Answer to Question #114937 in Analytic Geometry for ANJU JAYACHANDRAN

Solution:

The vertex "V(1,-1,2)". Let "a,b,c" be the direction ratios of generator of the cone.

Then the equations of the generator are

"\\frac{x-1}{a}=\\frac{y+1}{b}=\\frac{z-2}{c}=t" (say) (I)

The coordinates of any points on the generator are "(1+at,-1+bt,2+ct)".

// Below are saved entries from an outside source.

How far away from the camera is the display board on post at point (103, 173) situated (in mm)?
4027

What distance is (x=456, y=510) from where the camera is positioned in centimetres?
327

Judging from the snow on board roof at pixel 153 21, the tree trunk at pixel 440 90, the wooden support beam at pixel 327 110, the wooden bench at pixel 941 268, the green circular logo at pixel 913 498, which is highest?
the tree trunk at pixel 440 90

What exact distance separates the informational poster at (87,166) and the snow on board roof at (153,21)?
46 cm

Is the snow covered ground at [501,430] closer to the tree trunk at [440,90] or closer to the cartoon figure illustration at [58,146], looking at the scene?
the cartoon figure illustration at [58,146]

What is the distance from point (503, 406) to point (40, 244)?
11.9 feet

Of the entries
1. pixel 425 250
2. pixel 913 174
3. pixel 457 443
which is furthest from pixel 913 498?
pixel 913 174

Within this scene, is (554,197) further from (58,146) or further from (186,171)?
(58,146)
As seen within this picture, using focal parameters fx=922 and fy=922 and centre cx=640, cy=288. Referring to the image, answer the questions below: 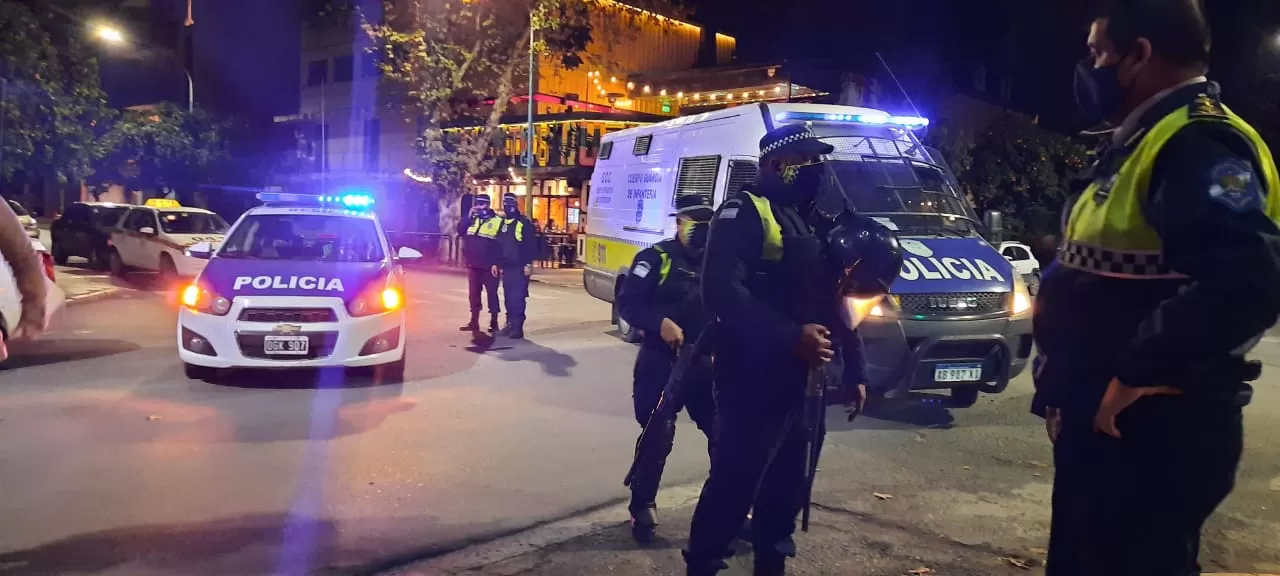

For some "t\\in \\R, (1+at,-1+bt,2+ct)" lies on the guiding curve.

Therefore "((2+ct)+1)^2=(1+at)+2" and "-1+bt=3" . Thus, "t=\\frac{4}{b}".

From this we get

"((2+c*\\frac{4}{b})+1)^2=(1+a*\\frac{4}{b})+2"

From (I) we obtain:

"(3+4*\\frac{z-2}{y+1})^2=3+4*\\frac{x-1}{y+1}"

After simplification, the required equation of the cone is

"6y^2+24zy-4xy-32y+16z^2+26-40z-4x=0."

Answer:

"6y^2+24zy-4xy-32y+16z^2+26-40z-4x=0."